Detailed Description

The primary objective of this study is to determine the average bioequivalence of generic efavirenz 600 mg tablet (test formulation)compared with Stocrin(R) 600 mg tablets (Reference formulation).The study is designed as an open label, randomized, crossover, 2-treatments, 2-period, 2-sequence, single dose pharmacokinetic study conducted in healthy volunteers.

Subjects will be randomized to receive generic efavirenz 600 (Test formulation) or Stocrin(R) 600 tablets (Reference formulation)on study day 1 (period 1), then they will undergo a 24 hour intensive pharmacokinetic evaluation after ingesting a single dose of either the Test or Reference formulation. Additional pharmacokinetic samples 36, 48, 72, 120 and 192 hours postdose will be drawn.

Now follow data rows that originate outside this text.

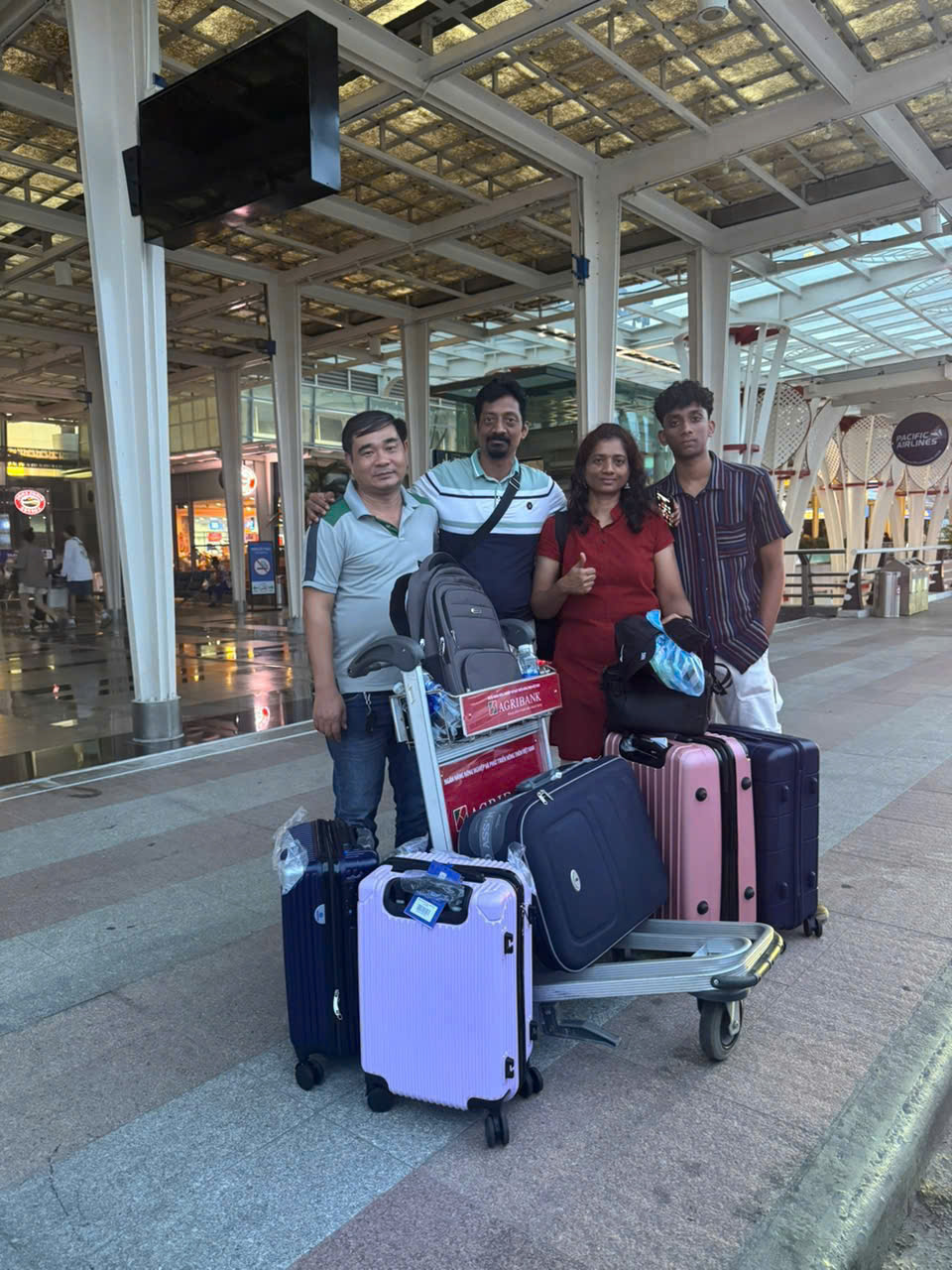 Ảnh chụp với khách tour 26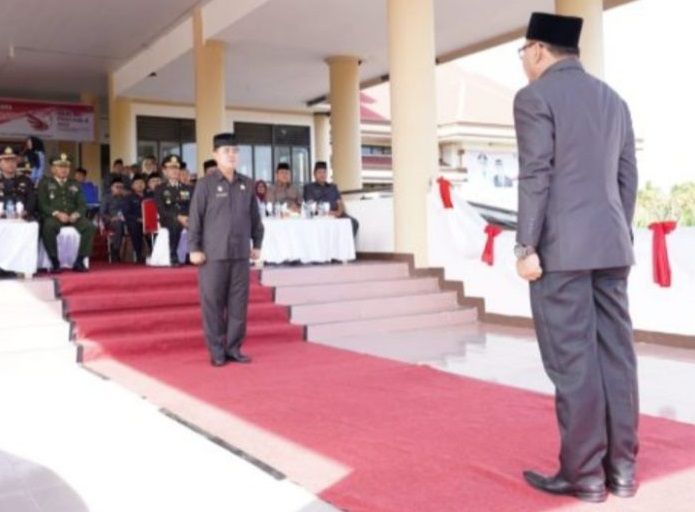 Upacara peringatan hari lahir Pancasila di halaman kantor Bupati Bolmong. (Foto:Istimewa)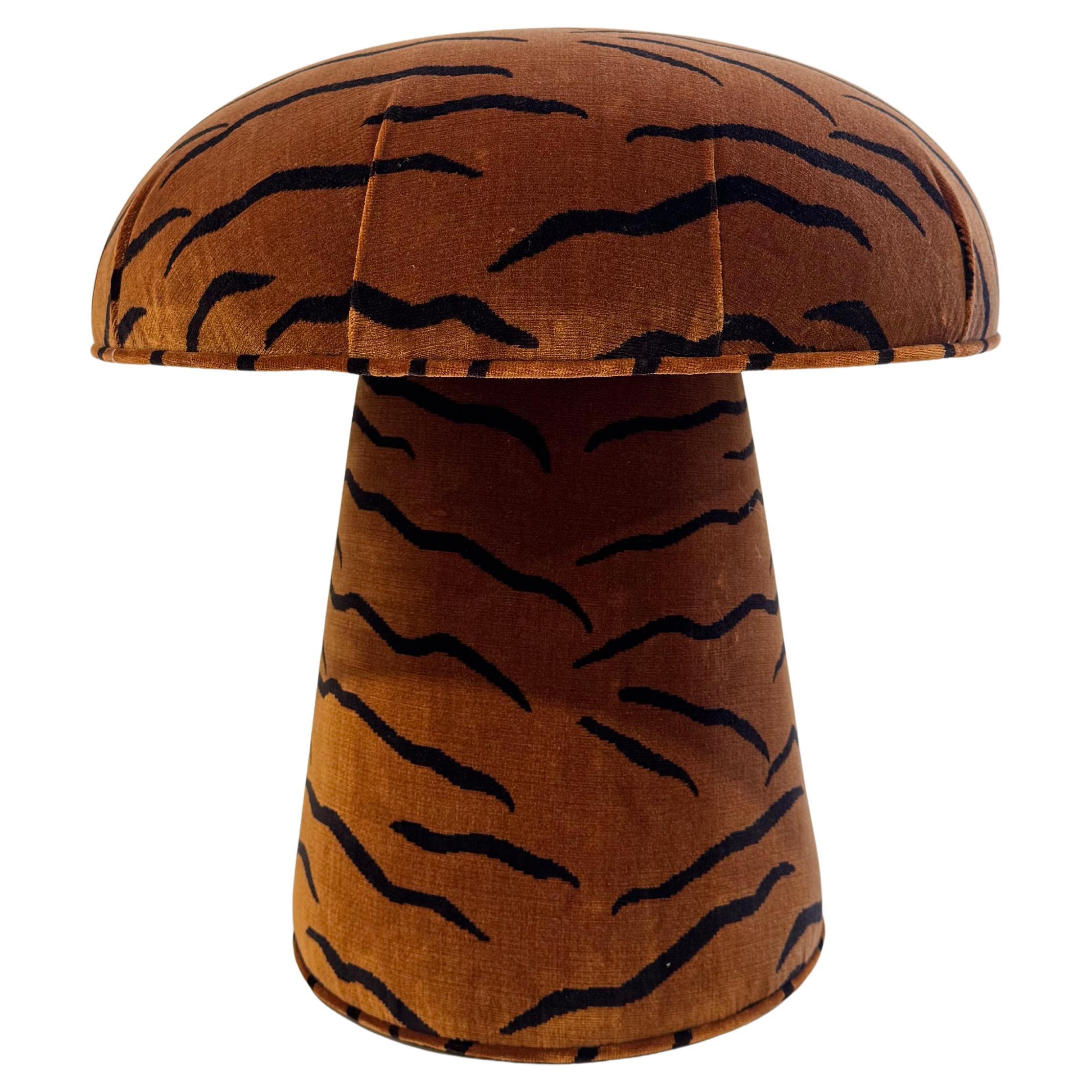 Le pouf à champignons FORSYTH en Dedar "Un tigre à l'orangerie".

Subjects will complete a wash out period form day 8 to day 28 during which no study drug will be ingested. On day 29 (period 2) they will ingest either the Test or the Reference formulation (opposite to the formulation received on period 1). All subjects undergo another 24 hour intensive pharmacokinetic evaluation and pharmacokinetics samples on days 36, 48, 72, 120, 192 pos-dose, respectively, will be drawn. Adverse events and concomitant medication will be documented throughout the study.

The sample size is 28 and is based on a 15% dropout rate (due to lost to follow-up, treatment discontinuation, etc.) Since the investigators are expecting four subjects not to complete the study,24 evaluable subjects are finally expected. If the discontinuation rate is greater than 15%, the investigators will continue to enroll until they get 24 evaluable subjects.

The primary endpoint is to determine average bioequivalence for Test and Reference formulation of efavirenz according to the FDA guidance on bioequivalence testing. The ratio of the Test to Reference formulation mean for efavirenz AUC0-192, AUC0-inf and Cmax and the 90% confidence interval around each mean ratio will be determined. Average bioequivalence will be met if 90% confidence interval around de AUC and Cmax mean ratios for efavirenz falls within the FDA's predefined limits of 0.80 to 1.25.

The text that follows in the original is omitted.